Astrid Rødmyr

Medal record

Women's orienteering

Representing Norway

World Championships

= Astrid Rødmyr =

Norwegian orienteer (born 1940)

Astrid Vigenstad (married name Rødmyr; 30 March 1940 - 9 April 2021) was a Norwegian orienteering competitor and World champion.

==Orienteering career==
Competing for the club IL i BUL from the mid 1960s, Vigenstad (named Rødmyr for a period) won national titles in relay with this club in 1966 and 1967.

She won a gold medal in the 1968 World Orienteering Championships with the Norwegian Relay team, along with Astrid Hansen and Ingrid Hadler, and placed 10th in the individual contest.

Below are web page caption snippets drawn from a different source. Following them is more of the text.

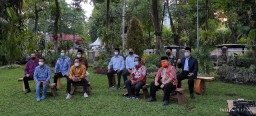 10 Parpol Apresiasi Kerja Keras dan Kerja Cerdas Walikota Eri Tangani Covid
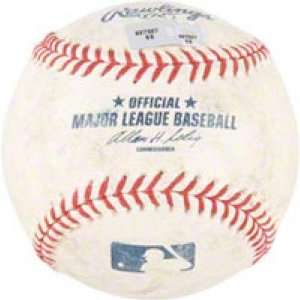  Mariners Game Used Baseball 10/02/04 Vs. Rangers   Other 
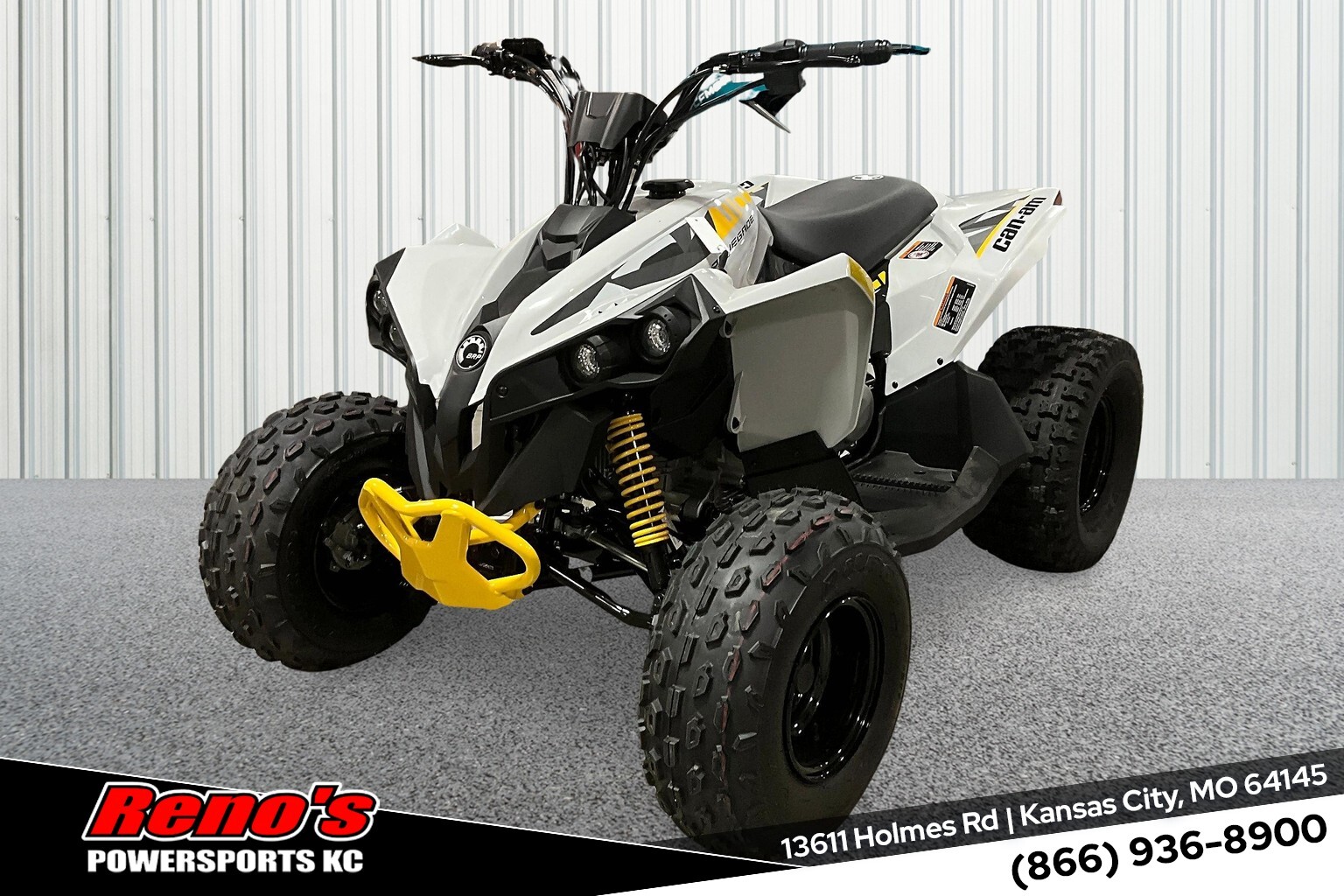 2025 Can-Am Renegade 110 EFI - Photo 3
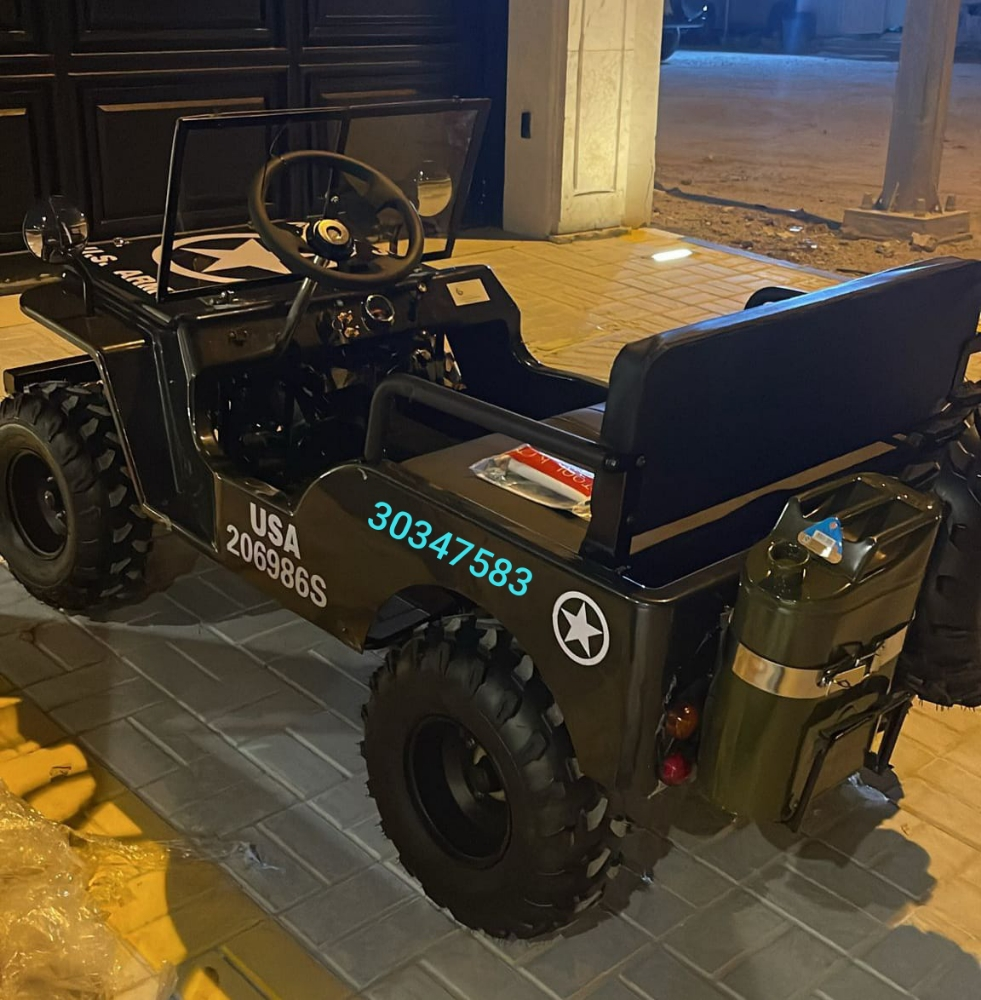 mini jeep - 1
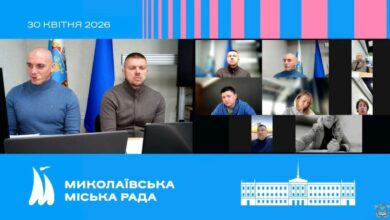 Колаж Миколаївська міська рада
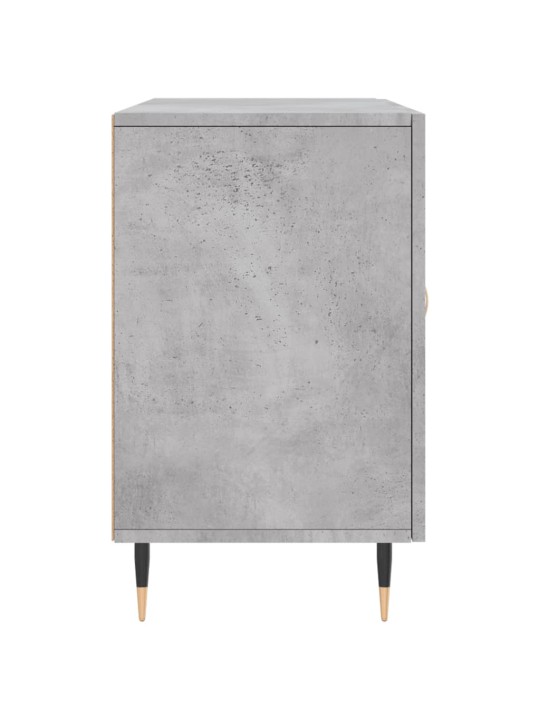 Příborník betonově šedý 100 x 36 x 60 cm kompozitní dřevo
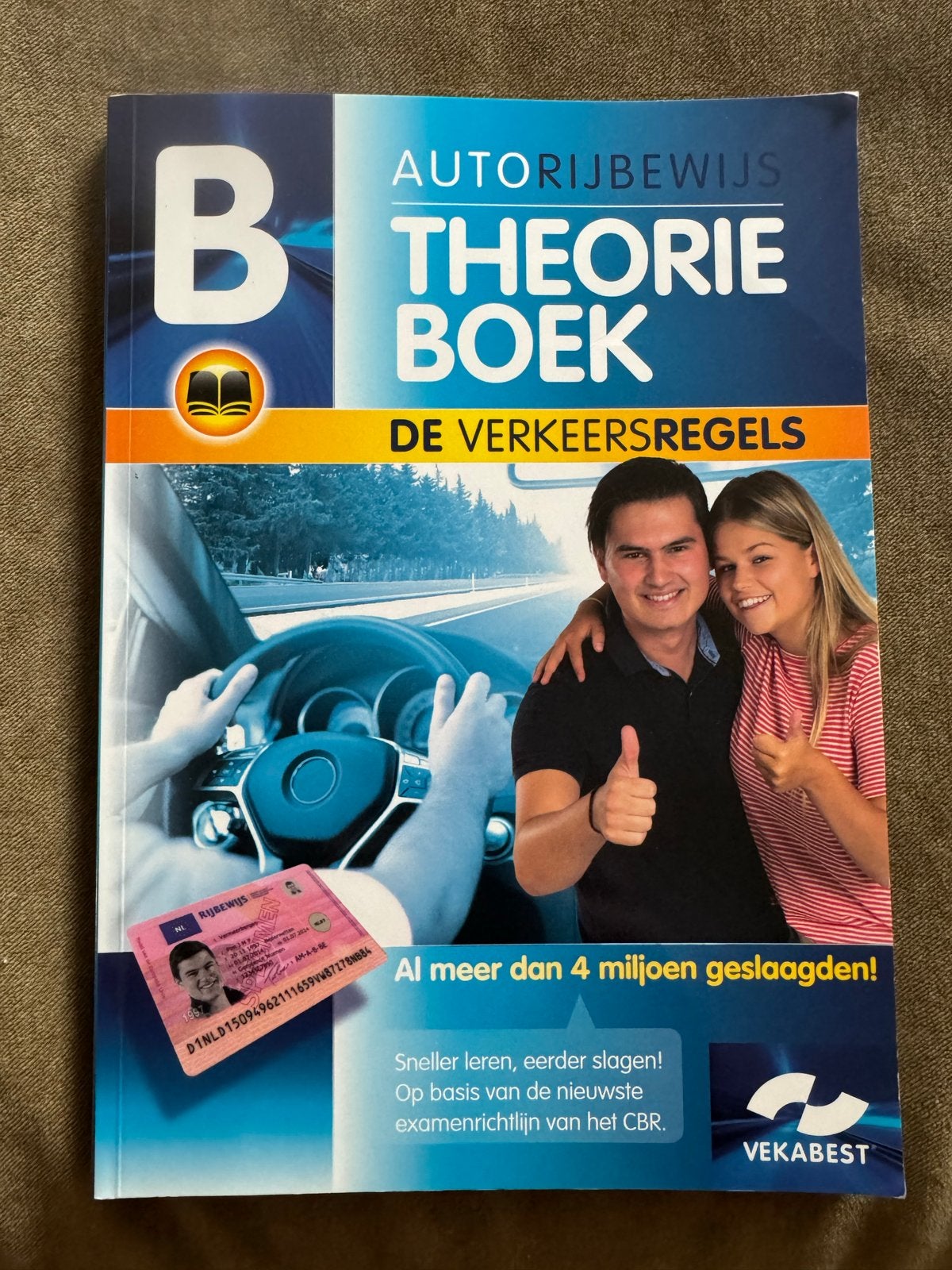 theorieboek, Ophalen of Verzenden, Zo goed als nieuw, Overige niveaus, Nederlands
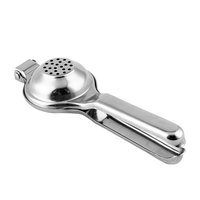 Aangepaste Gemakkelijk Handige Rvs Fruit Lemon Lime Oranje Squeezer Met Juicer Squeezer Fruit & Vegetable Gereedschap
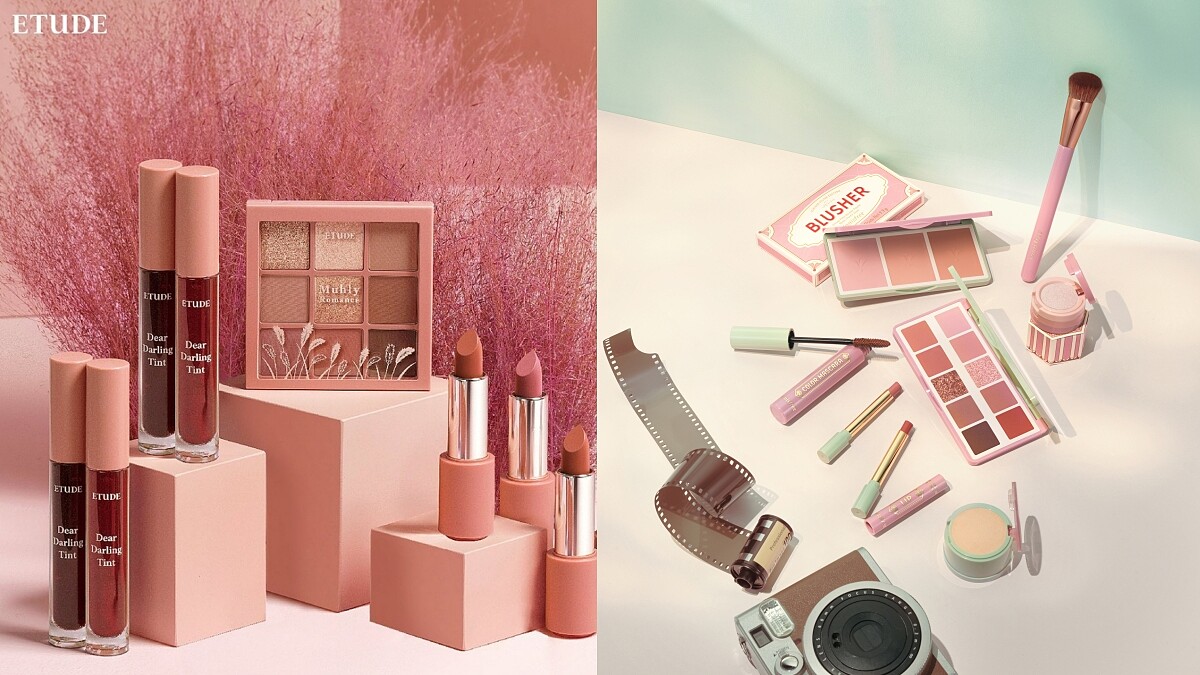 2020年下半年美炸的開架彩妝推薦:ETUDE秋日粉黛亂子草、innisfree摩登復古限量系列...彩妝控必收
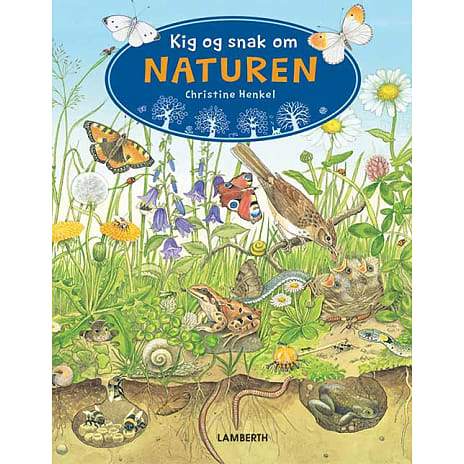 Kig og snak om naturen - Christina Henkel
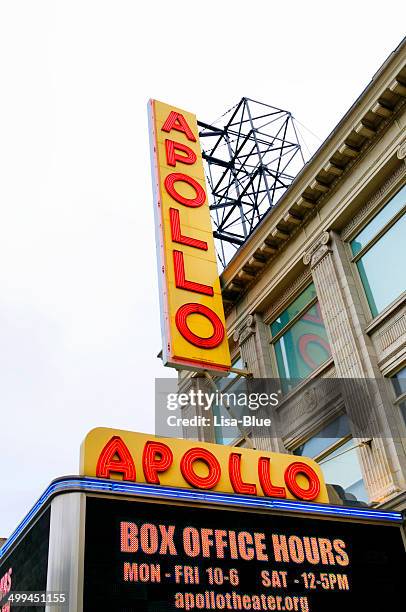 Apollo Signage Apollo Theater Sign Photos and Premium High Res Pictures - Getty Images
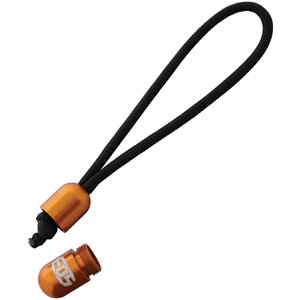 Pill Bead Lanyard Orange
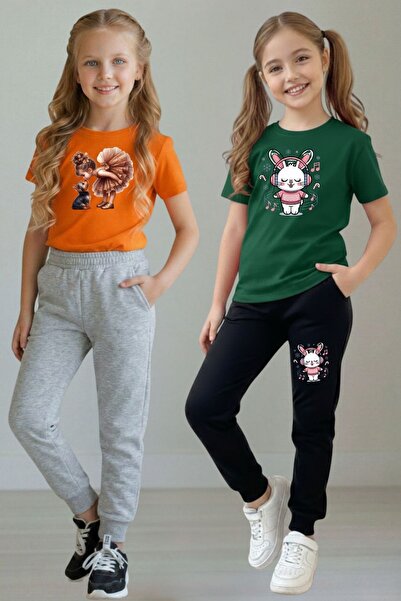 armicem ARMİKids Set de 2 pentru fete B cu imprimeu A set din două piese Opți...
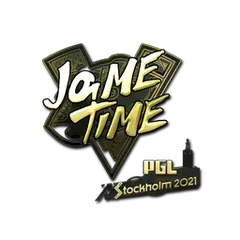 Sticker | Jame (Gold) | Stockholm 2021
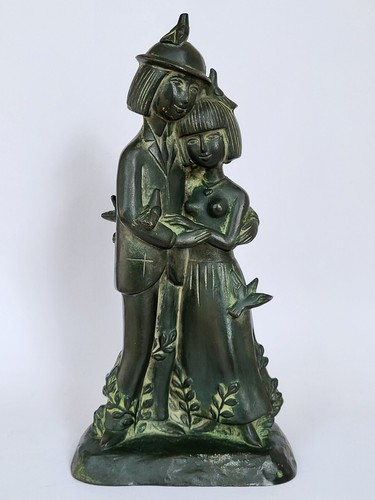 Rarissime sculpture bronze les - rarissime,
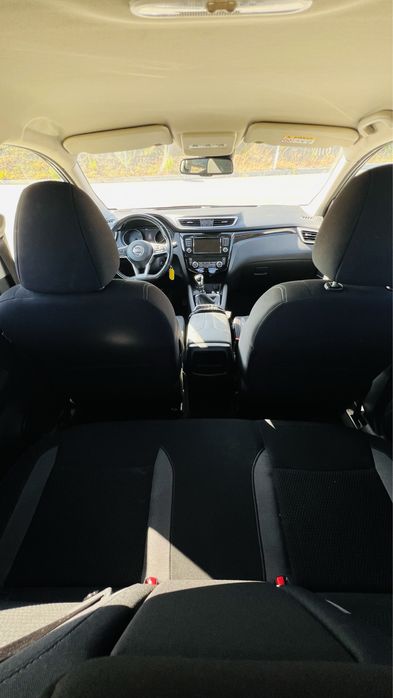 Nissan qashqai bussiness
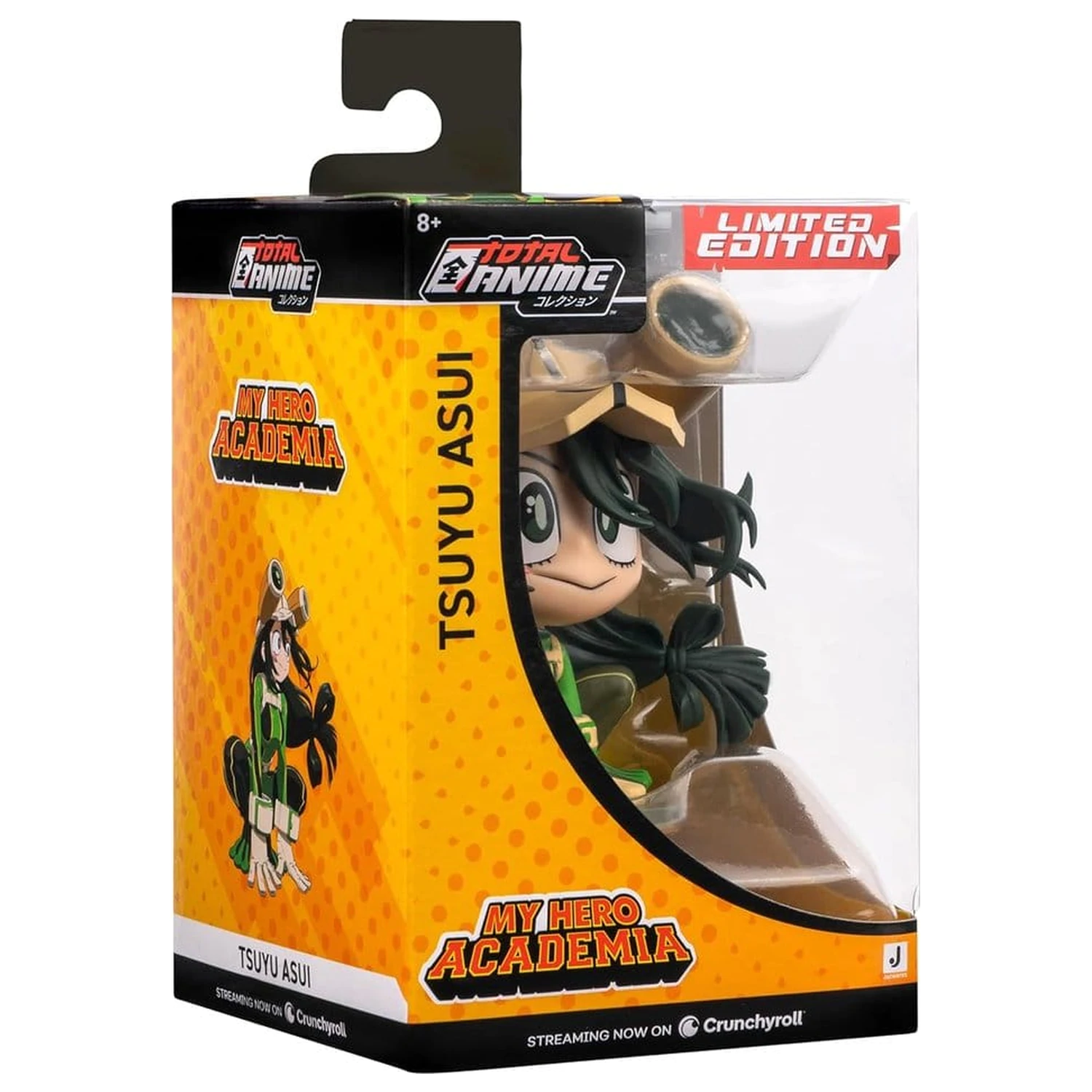 My Hero Academia Mini Figur Froppy 10 cm Produktfoto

She won a bronze medal in the relay in the 1970 World Orienteering Championships, along with Kristin Danielsen and Ingrid Hadler.

In 1971 she competed in the Nordic championships in Sundsvall, where she was part of the winning Norwegian relay team.

A member of Lillehammer OK for 45 years, Vigenstad regularly competed in the World Masters Orienteering Championships from 1996, winning a silver medal in Canada in 2005, and another silver medal in Portugal in 2008.

==Personal life==
Astrid Vigenstad hailed from Dovre Municipality, and settled as schoolteacher in Lillehammer Municipality from the mid 1970s. She had married Asbjørn Rødmyr in 1967. Their marriage did not last, but her world championship title was taken under the name Rødmyr.

Vigenstad (Rødmyr) died on 9 April 2021, 81 years old.